After taking a drubbing during the recession, Whole Foods Market Inc. has been luring back shoppers. Revenue rose 15 percent last quarter. The company, the biggest national seller of organic and natural groceries, says shoppers are buying more higher-priced brands and trading up on pricey items like seafood, cheese and housewares.

"Middle-class people want to make these little splurges on basic luxuries like Victoria's Secret so that they're not breaking the bank or the wallet but are getting out of the doldrums of the recession," said Sherif Mityas, a partner in the retail consultancy firm A.T. Kearney.

These small splurges are unlikely to spark a broader recovery. After all, Starbucks or Whole Foods binges set shoppers back just a few extra dollars.

You'd have to see sales of bigger-ticket items like automobiles, designer handbags and extravagant vacations rebounding -- and see people racking up credit-card debt again -- to say Americans' frugality has ended, says Kenneth Goldstein, an economist at the Conference Board. And that's unlikely as long as unemployment remains stuck above 9 percent. Even with car sales improving, the industry will sell 4 million fewer cars in the U.S. than it did in 2007.

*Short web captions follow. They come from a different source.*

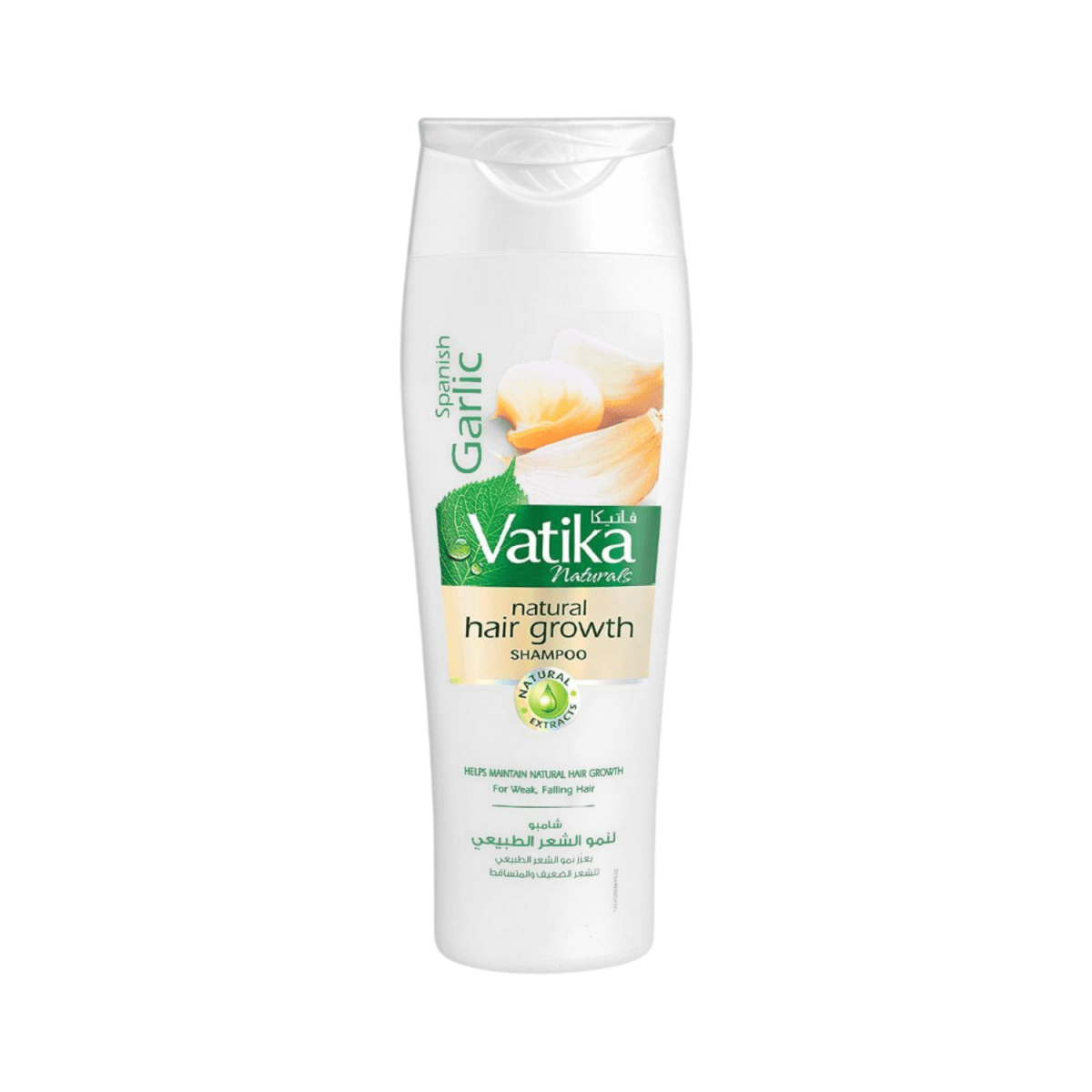 Vatika Naturals Spanish Garlic Natural Hair Growth Shampoo 360ml - Gift Point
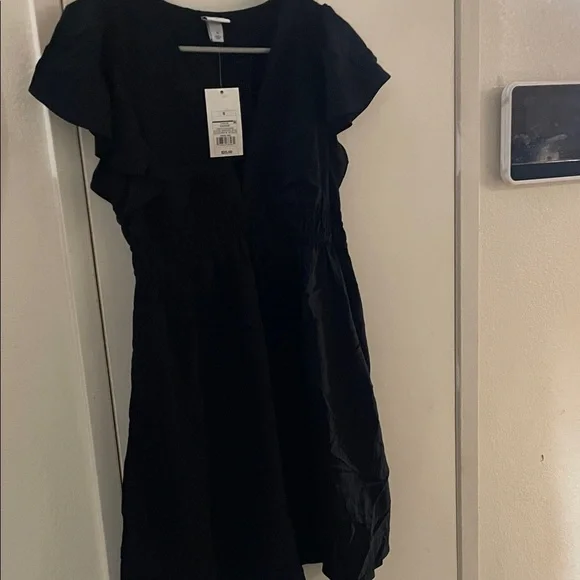Flutter Short Sleeve Mini A Line Dress by a new day - Picture 5 of 10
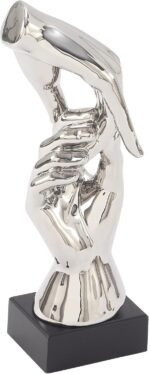 Deco 79 Polystone Hands Decorative Sculpture Home Decor Statue, Accent Figurine ... - Image 2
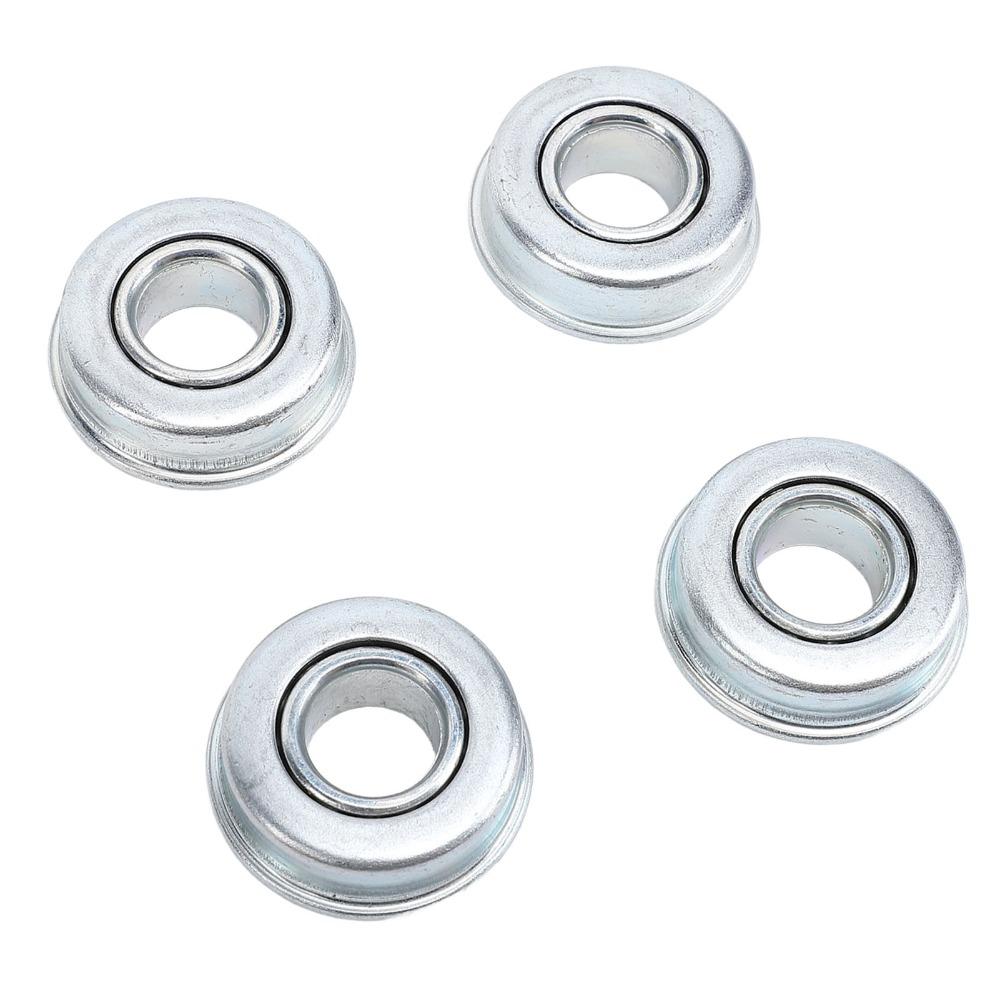 4PCS Heavy Duty Lawn Mower Bearings Silver Wheel Drive Mower Bearings Durable Mower Shaft Bearings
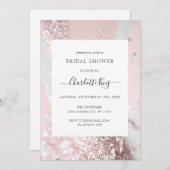 Elegant glitter Vrijgezellenfeest Kaart (Voorkant / Achterkant)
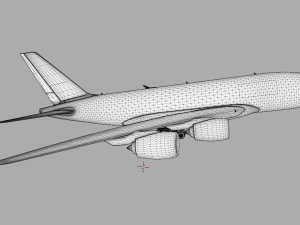 AIRBUS A380 GAME READY 3D MODEL Model 3D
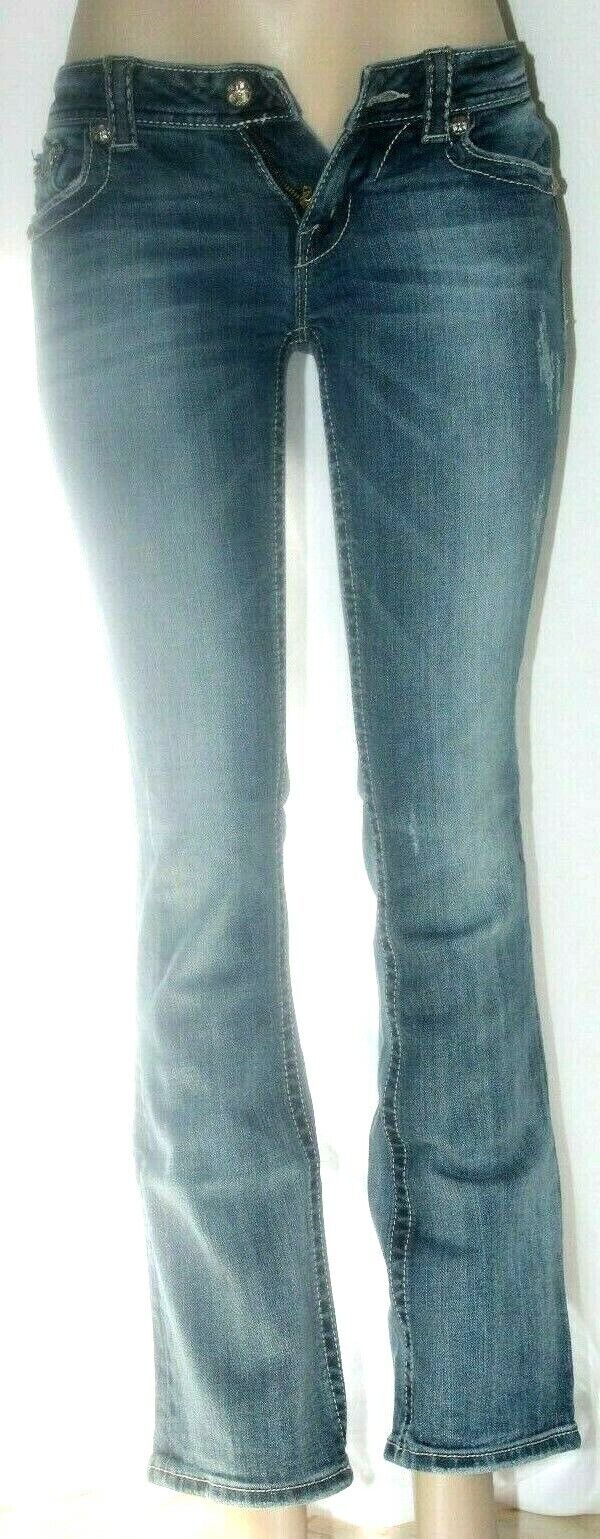 *MINT* MISS ME Jeans Boot Cut Embellished Women's Size W28 x L31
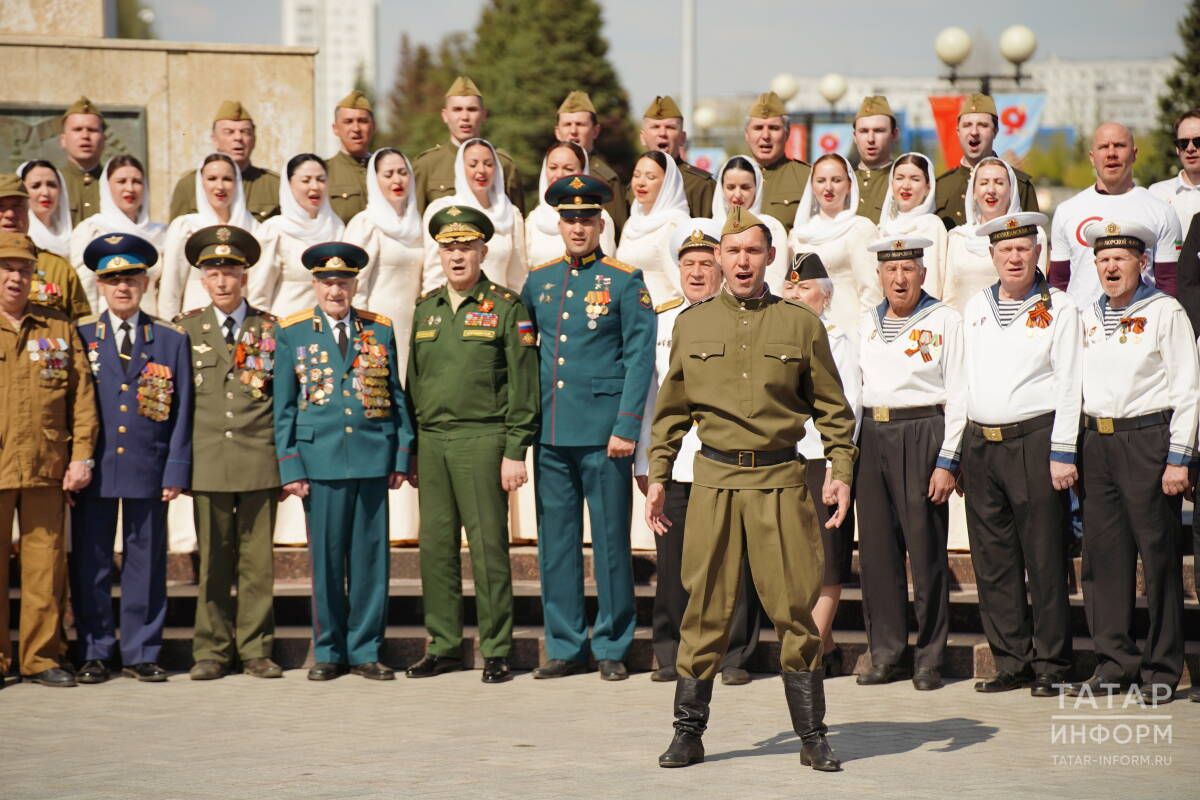 В парке Победы Казани сняли клип к 81‑й годовщине Победы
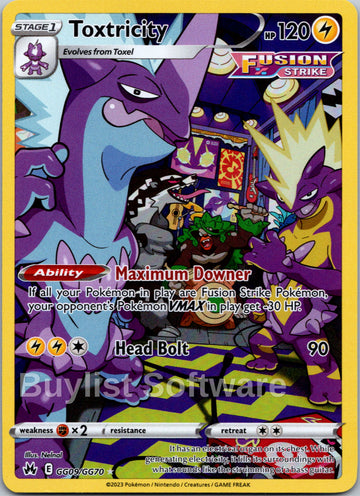 Toxtricity [GG09/GG70] [ Galarian Gallery] Holofoil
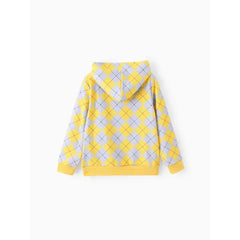 PATPAT Harry Potter Kid Girl/Boy 1pc Plaid Badge Hoodie Yellow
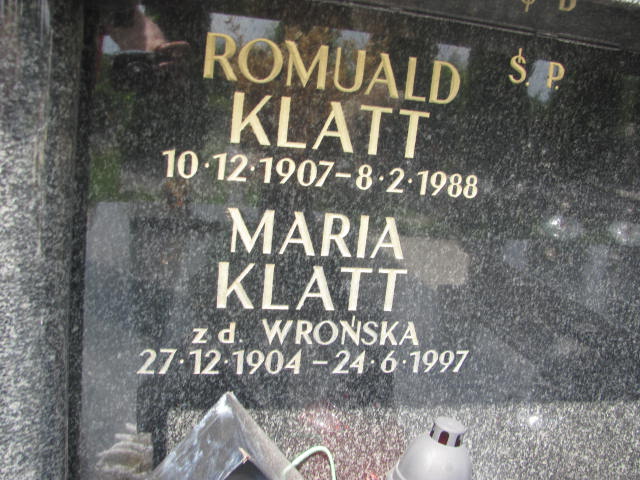 Romuald Klatt 1907 Kraków-Salwator - Grobonet - Wyszukiwarka osób pochowanych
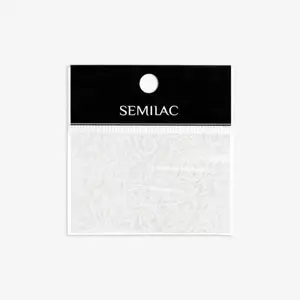 13 WHITE LACE Semilac Nail Transfer Foil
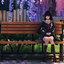 Animated Menu: Chisa Sitting On A Park  Bench (Wuthering Waves) logo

Alan Levenson, chief economist at T. Rowe Price, says Americans couldn't revert to old spending patterns even if they wanted to because banks aren't willing to lend. The personal savings rate remains high, and although consumer spending rose an annualized 2.8 percent in the third quarter, the biggest bump since 2006, that's not enough to rev up the overall economy.

Certainly there's pent-up demand, Levenson says, but shoppers are "not blowing anybody's doors off."

(Source: The Associated Press, 12/09/10)

Shoppers Look to Rewards for Holiday Spending

Consumers are looking to stretch their holiday dollars with benefits from the various rewards programs they belong to, according to research from LoyaltyOne and Epsilon Targeting.

According to the companies' research, which involved a nine-question survey sent to more than 700 U.S. households, 11% of consumers said they planned to use reward points or miles to augment their holiday spending this year. Of that group, 70% said they would use those points on purchases for other people, rather than for themselves.

According to the survey, more than 70% of consumers said they were occasional or frequent users of rewards programs. Of those users, 8.1% of them said they planned on spending more on holiday purchases this year, compared with 6.6% of the total respondents.

"Retailers who use data from their reward programs to respond to customers' most pressing concerns at critical times like the holiday gift giving season can enhance the shopper experience and leverage relationships in a way that deepens loyalty to their store or their brand," said Epsilon Loyalty Solutions Vice President John Bartold, in a statement.

Meanwhile, a separate survey found that Canadians are much more likely to use rewards programs than Americans. According to the Air Miles and American Express Holiday Rewards survey, 91% of Canadians use rewards programs, compared with 72% of Americans. Eighteen percent of Canadians said they plan to use those programs for holiday purchases, compared with 8% of Americans.

Americans, on the other hand, are more likely to shop online than Canadians, at a rate of 73% vs. 44% for general sites. However, when the online shopping involves a loyalty or rewards site, Canadians are three times more likely to shop online.

(Source: Marketing Daily, 12/04/10)

Daily Sales Tip: Skills That Buyers Expect of Salespeople

Howard Stevens came up with 7 skills buyers expect of salespeople in his book, Achieving Sales Excellence:

1. Be personally accountable for our desired results.
2. Understand our business.
3. Be a customer advocate.
4. Be knowledgeable of applications.
5. Be easily accessible.
6. Solve our problems.
7. Be innovative and responsive to our needs.